Humpy is a founding partner, not just an employee – so he gets his commissions and he also gets his profit-share of the partnership, that is… the cash it has at the end of the year left over after paying rent, food, insurance, phones, computers, sexual harassment suits, jet rental bills, and so on… that cash is distributed as a year end dividend and Humpy keeps his third.
Last year, Humpy sold roughly $15 million worth of body; that is, his “stable” of 25 clients generated about $15 million in billings for his agency, Loob, Lather and Friction, LLC. Humpy’s 10% commission (the rate set by law – 10% is the maximum an agency can charge – but they can charge less) generated $1.5 million in revenues for his firm.
Humpy doesn’t get to keep $1.5 million, however. Not even close. In the course of Humpy doing business, he incurred a ton of expenses – “doing lunch” and the myriad other favors he has to perform in the normal course of his business costs dough. In fact, he had almost $300,000 in expenses last year – so his net take was $1.2 million.
The partnership itself had almost a million bucks in profits as well so Humpy got his 300 grand from that distribution for a grand total of $1.5 million… pre-tax.

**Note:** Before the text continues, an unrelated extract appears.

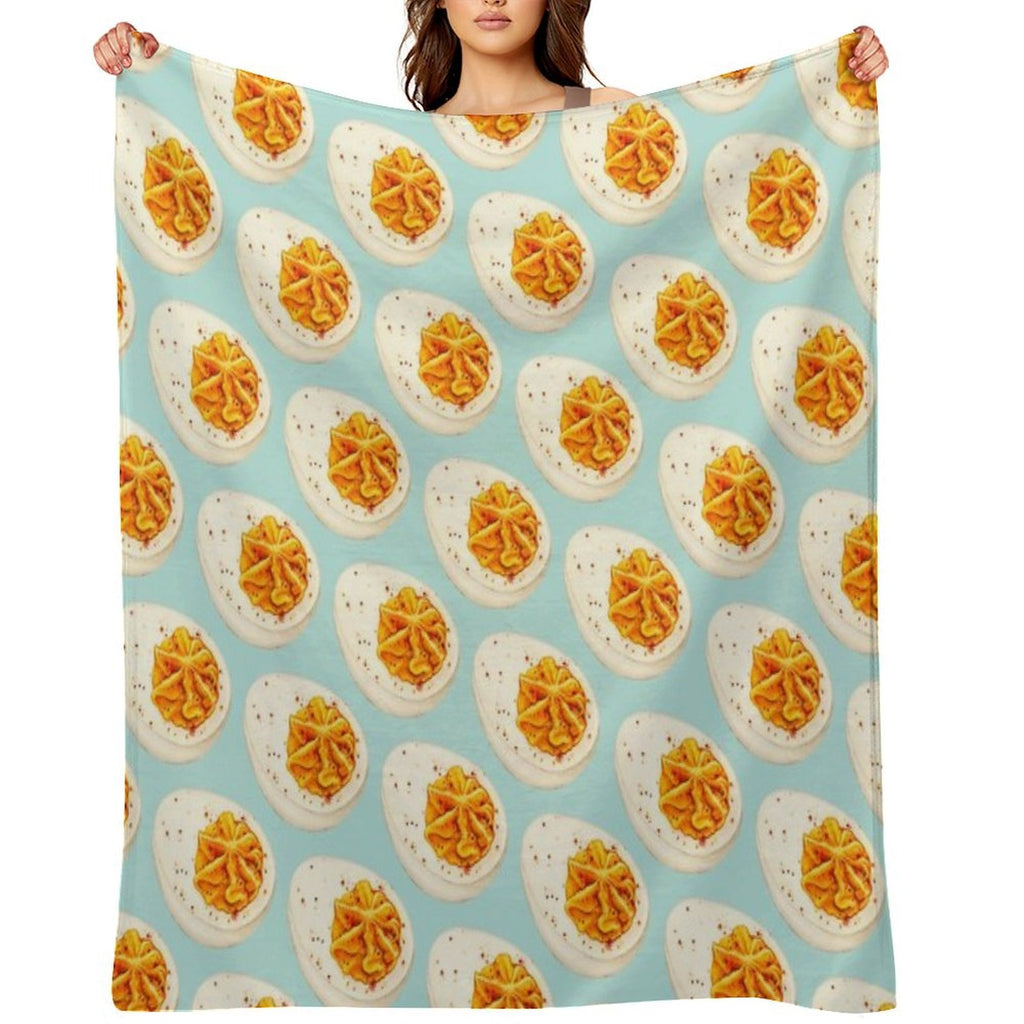 Deviled Egg Pattern - Blue Travel-friendly Throw Blanket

He lives in California where state government generally taxes the successful mercilessly – after Federal and State taxes, Humpy ends up with $800,000 in his pocket. Not bad. Not bad at all.
But this was a banner year – last year he’d only grossed $450,000. And while it may seem like a ton of money to a teenager, Humpy is barely able to afford a 3 bedroom home in a decent neighborhood with this kind of money. So… it’s good. But Humpy’s room mate in college went on to do investment banking and makes per month what Humpy makes in a banner year. And that investment banker will be BETTER at age 50 than he is at 35; Humpy knows he won’t – in fact, his career will likely be over by then. So he’s saving his pennies. And after all the alimonies he’ll owe, it likely will in fact be pennies.